期刊名称:Proceedings of the National Academy of Sciences
印刷版ISSN:0027-8424
电子版ISSN:1091-6490
出版年度:2021
卷号:118
期号:52
DOI:10.1073/pnas.2113694118
语种:English
出版社:The National Academy of Sciences of the United States of America
摘要:Significance
Macrophage plasticity and activation dynamics are under intense investigation because their full complexity cannot be captured by the few predefined markers that are commonly used. Macrophages are highly adherent and respond to surface microstructures in a sensitive manner. Here, we use Raman microspectroscopy and Raman imaging to study the macrophage response to defined activation stimuli and transfer these findings to macrophages cultured on titanium with varying surface roughness. We show that Raman-based methods can discriminate between macrophage phenotypes noninvasively and without the need to use antibody-based cell markers.

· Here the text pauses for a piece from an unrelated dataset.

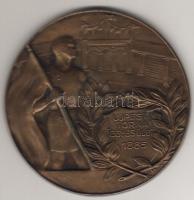 1885. "Újpesti Torna Egyesület" nagyalakú bronz plakett T:2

Biomaterial characteristics such as surface topographies have been shown to modulate macrophage phenotypes. The standard methodologies to measure macrophage response to biomaterials are marker-based and invasive. Raman microspectroscopy (RM) is a marker-independent, noninvasive technology that allows the analysis of living cells without the need for staining or processing. In the present study, we analyzed human monocyte-derived macrophages (MDMs) using RM, revealing that macrophage activation by lipopolysaccharides (LPS), interferons (IFN), or cytokines can be identified by lipid composition, which significantly differs in M0 (resting), M1 (IFN-γ/LPS), M2a (IL-4/IL-13), and M2c (IL-10) MDMs. To identify the impact of a biomaterial on MDM phenotype and polarization, we cultured macrophages on titanium disks with varying surface topographies and analyzed the adherent MDMs with RM. We detected surface topography–induced changes in MDM biochemistry and lipid composition that were not shown by less sensitive standard methods such as cytokine expression or surface antigen analysis. Our data suggest that RM may enable a more precise classification of macrophage activation and biomaterial–macrophage interaction.